## Description of the task
Nothing but the lines from the one containing "1VWAH7A36CC080788 - 2012" to the final line of the entries should appear, copied exactly and without pictures.

[Exercise materials Boundary: Start]

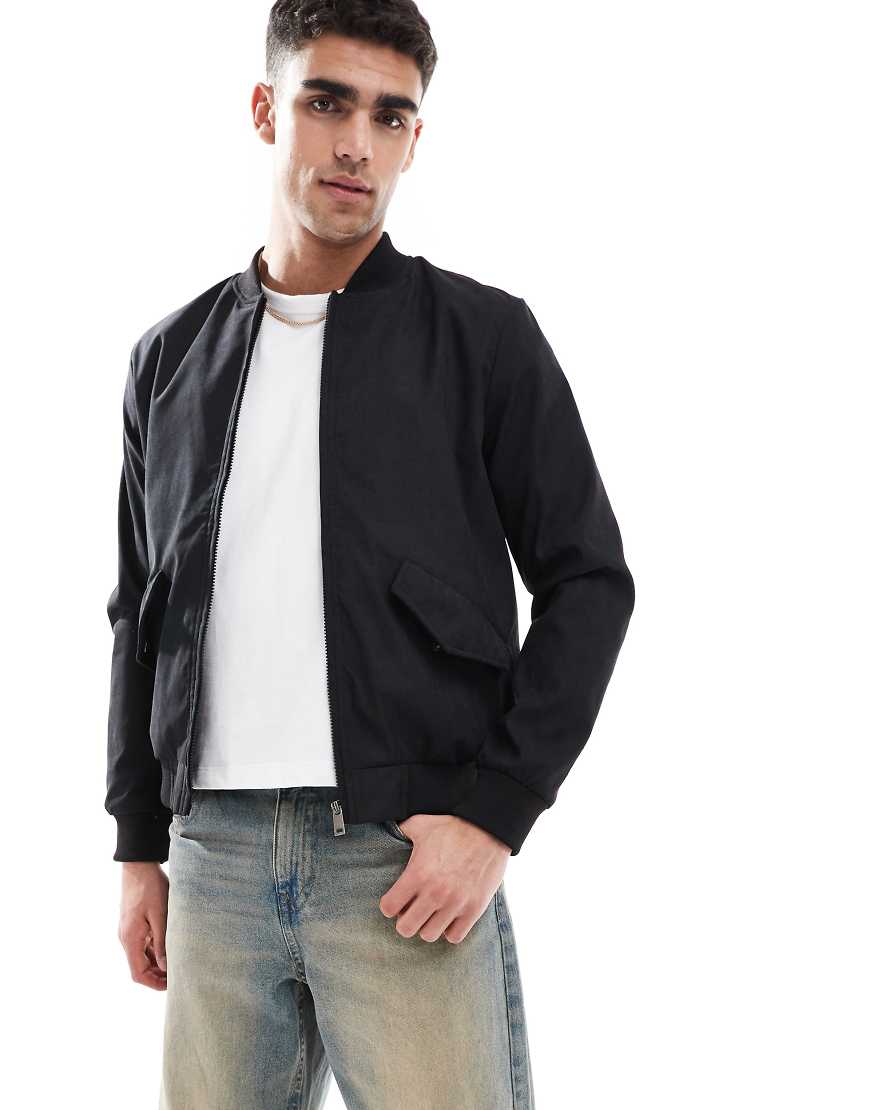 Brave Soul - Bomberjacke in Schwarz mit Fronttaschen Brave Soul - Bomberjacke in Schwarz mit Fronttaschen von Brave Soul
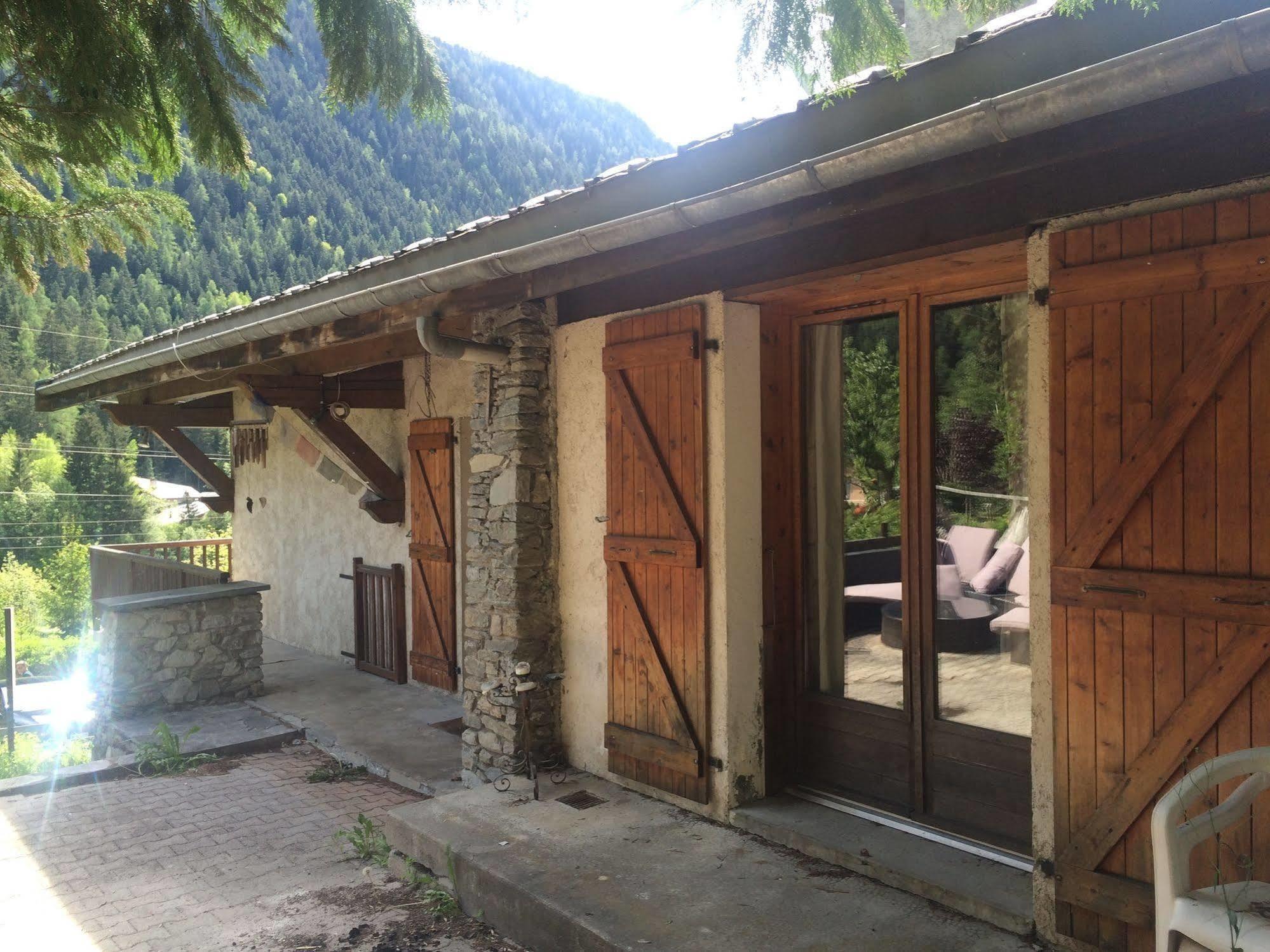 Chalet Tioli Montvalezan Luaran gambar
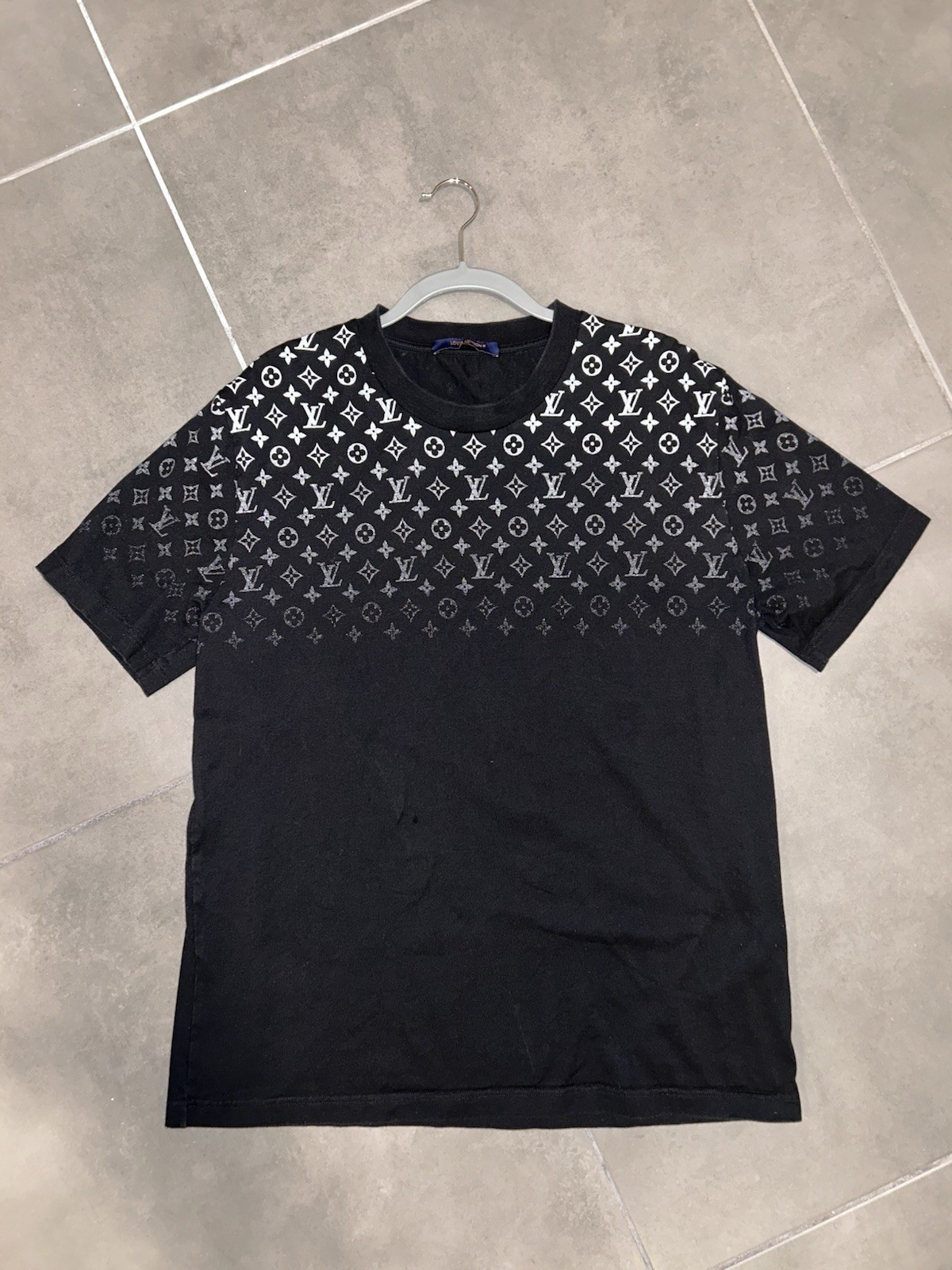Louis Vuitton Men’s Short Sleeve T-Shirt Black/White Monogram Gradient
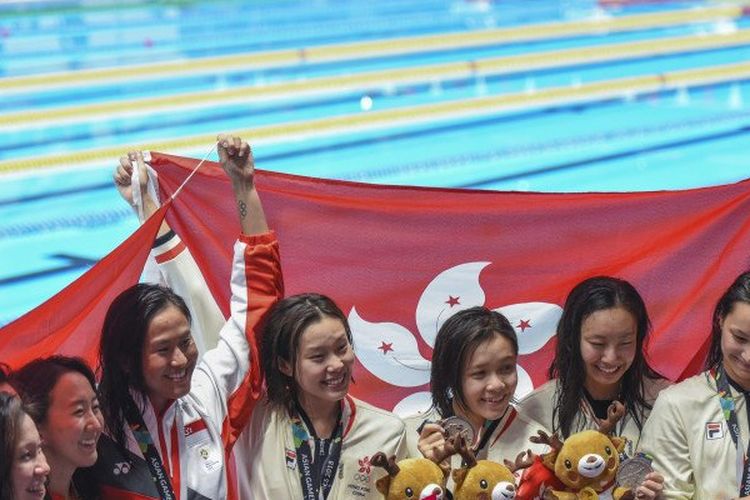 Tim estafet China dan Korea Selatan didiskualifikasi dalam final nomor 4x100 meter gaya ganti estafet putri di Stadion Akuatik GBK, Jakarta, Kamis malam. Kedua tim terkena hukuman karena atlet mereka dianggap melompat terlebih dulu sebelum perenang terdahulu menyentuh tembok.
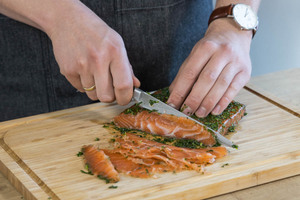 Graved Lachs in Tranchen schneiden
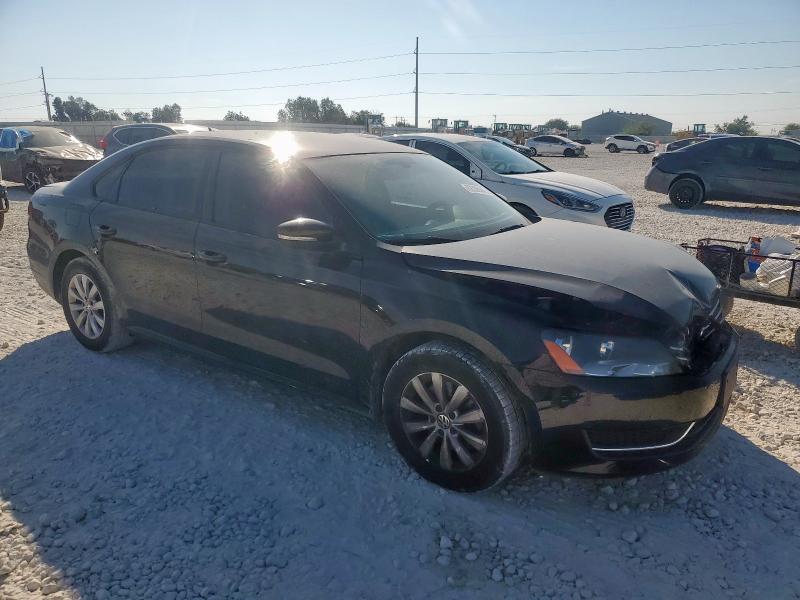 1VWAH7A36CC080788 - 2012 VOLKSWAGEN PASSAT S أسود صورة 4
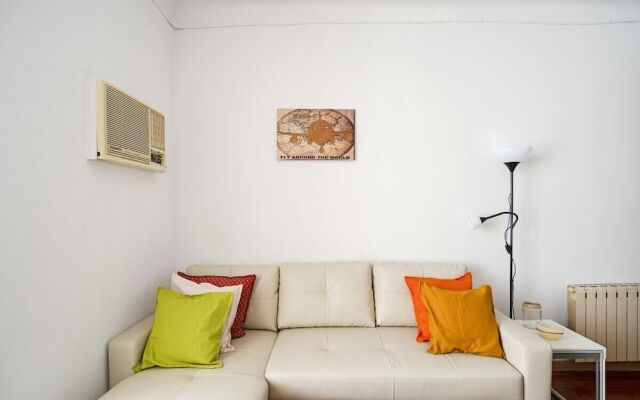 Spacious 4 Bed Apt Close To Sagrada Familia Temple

[Exercise materials Boundary: End]

## The completed task
 1VWAH7A36CC080788 - 2012 VOLKSWAGEN PASSAT S أسود صورة 4
 Spacious 4 Bed Apt Close To Sagrada Familia Temple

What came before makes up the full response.